# [PROMPT]
Lines from the top of the entries through the line that has "[SOLD OUT] 나이키 리액트 팬텀 gx2 프로 tf 270 풋살화" must be duplicated exactly, and no others.

=== Section Start ===

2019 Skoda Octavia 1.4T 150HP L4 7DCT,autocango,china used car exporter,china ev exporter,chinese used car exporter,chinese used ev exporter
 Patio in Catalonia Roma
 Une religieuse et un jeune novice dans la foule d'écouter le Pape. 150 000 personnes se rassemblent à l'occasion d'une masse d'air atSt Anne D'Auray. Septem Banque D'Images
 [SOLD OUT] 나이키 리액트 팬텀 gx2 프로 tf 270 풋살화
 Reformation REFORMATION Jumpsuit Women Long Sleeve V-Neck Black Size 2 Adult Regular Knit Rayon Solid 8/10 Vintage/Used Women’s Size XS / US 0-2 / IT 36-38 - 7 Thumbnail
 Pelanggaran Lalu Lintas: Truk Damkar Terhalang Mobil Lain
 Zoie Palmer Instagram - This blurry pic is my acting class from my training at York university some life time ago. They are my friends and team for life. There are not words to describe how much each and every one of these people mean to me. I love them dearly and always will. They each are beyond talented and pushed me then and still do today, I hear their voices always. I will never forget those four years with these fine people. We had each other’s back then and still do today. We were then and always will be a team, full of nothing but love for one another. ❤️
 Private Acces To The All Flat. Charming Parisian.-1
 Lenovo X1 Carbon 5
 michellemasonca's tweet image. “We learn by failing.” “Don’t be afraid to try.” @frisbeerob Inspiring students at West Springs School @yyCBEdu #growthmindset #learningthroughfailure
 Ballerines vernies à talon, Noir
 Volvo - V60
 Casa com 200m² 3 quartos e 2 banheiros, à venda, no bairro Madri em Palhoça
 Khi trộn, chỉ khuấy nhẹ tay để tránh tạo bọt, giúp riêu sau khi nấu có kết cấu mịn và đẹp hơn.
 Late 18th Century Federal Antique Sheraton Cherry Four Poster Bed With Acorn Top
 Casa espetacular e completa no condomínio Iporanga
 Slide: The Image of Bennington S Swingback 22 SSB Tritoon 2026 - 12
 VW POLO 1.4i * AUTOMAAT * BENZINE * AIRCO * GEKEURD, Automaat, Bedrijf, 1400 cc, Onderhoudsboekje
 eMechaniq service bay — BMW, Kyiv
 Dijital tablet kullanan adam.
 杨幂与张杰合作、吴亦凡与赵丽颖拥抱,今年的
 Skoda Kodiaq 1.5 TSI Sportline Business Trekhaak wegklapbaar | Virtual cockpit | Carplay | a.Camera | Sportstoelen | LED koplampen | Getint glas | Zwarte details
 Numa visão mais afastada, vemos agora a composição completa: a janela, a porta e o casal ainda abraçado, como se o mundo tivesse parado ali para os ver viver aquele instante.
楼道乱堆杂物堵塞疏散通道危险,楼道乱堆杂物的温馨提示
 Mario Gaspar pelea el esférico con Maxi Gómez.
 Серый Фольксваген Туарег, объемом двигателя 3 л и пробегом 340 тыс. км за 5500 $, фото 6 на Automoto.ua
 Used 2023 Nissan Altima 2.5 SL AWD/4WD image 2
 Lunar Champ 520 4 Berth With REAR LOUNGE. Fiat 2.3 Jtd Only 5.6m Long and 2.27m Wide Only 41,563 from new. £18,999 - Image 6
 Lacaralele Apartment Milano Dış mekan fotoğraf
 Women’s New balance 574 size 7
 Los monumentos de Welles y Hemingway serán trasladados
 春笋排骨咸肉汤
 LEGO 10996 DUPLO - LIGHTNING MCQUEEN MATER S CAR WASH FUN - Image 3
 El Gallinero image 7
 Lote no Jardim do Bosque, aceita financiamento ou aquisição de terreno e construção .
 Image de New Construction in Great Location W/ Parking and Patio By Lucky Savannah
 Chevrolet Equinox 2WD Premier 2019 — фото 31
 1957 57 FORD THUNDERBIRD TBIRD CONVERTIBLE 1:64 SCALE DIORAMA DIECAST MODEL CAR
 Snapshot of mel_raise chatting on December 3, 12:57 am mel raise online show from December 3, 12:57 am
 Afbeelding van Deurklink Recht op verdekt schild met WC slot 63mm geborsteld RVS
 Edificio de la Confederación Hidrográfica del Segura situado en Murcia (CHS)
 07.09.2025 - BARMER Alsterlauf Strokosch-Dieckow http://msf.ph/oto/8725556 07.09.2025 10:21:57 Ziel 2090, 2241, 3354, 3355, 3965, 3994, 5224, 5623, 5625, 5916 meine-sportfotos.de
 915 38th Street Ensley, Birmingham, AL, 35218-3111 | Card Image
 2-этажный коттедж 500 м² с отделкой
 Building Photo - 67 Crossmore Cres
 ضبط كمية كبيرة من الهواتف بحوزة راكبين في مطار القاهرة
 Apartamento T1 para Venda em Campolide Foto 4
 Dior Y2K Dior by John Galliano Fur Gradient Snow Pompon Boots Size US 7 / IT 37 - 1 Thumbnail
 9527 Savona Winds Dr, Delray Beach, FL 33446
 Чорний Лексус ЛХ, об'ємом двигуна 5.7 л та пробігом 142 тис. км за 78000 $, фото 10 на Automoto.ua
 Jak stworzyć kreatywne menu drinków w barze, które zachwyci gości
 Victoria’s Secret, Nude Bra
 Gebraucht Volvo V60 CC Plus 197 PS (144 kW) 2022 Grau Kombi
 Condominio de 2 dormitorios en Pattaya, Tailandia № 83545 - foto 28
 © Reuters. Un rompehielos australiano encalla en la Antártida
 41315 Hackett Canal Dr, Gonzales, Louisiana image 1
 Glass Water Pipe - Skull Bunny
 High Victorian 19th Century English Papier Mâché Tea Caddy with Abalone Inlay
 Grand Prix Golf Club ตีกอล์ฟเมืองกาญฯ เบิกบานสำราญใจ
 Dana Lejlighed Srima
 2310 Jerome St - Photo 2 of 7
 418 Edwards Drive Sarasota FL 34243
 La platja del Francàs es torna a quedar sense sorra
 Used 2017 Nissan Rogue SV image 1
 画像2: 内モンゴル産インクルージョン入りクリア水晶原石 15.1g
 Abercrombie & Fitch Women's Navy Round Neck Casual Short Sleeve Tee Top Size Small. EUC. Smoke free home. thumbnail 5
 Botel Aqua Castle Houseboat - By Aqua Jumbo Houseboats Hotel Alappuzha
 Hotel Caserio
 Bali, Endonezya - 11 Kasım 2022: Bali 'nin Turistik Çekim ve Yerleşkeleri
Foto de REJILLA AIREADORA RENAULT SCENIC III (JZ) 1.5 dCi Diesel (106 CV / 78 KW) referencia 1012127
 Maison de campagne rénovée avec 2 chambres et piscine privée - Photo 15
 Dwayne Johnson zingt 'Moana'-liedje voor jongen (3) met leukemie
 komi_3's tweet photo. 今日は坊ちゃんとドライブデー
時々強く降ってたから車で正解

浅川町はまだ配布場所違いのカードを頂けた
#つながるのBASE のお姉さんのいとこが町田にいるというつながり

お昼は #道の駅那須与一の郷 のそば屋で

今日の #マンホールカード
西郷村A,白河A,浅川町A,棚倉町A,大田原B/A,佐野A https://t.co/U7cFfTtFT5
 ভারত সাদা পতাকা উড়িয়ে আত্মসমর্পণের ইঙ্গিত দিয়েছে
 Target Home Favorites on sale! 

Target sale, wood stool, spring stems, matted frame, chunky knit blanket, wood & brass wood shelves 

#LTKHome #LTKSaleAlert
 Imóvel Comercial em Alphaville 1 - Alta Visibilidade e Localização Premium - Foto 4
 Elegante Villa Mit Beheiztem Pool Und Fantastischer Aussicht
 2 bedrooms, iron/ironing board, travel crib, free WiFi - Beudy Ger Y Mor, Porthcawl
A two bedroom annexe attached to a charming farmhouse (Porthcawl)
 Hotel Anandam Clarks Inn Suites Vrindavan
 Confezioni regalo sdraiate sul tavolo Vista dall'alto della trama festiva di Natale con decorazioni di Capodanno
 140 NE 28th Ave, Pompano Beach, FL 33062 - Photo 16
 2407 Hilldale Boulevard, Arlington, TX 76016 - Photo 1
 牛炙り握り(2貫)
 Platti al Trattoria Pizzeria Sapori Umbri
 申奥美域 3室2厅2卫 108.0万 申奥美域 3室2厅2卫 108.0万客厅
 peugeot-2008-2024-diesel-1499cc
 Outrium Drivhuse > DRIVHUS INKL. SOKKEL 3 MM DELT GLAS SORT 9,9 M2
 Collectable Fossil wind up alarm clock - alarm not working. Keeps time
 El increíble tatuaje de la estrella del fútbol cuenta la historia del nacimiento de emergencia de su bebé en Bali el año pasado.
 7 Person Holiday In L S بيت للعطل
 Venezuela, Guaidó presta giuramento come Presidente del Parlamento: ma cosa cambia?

=== Section End ===

# [EXERCISE RESULT]
2019 Skoda Octavia 1.4T 150HP L4 7DCT,autocango,china used car exporter,china ev exporter,chinese used car exporter,chinese used ev exporter
 Patio in Catalonia Roma
 Une religieuse et un jeune novice dans la foule d'écouter le Pape. 150 000 personnes se rassemblent à l'occasion d'une masse d'air atSt Anne D'Auray. Septem Banque D'Images
 [SOLD OUT] 나이키 리액트 팬텀 gx2 프로 tf 270 풋살화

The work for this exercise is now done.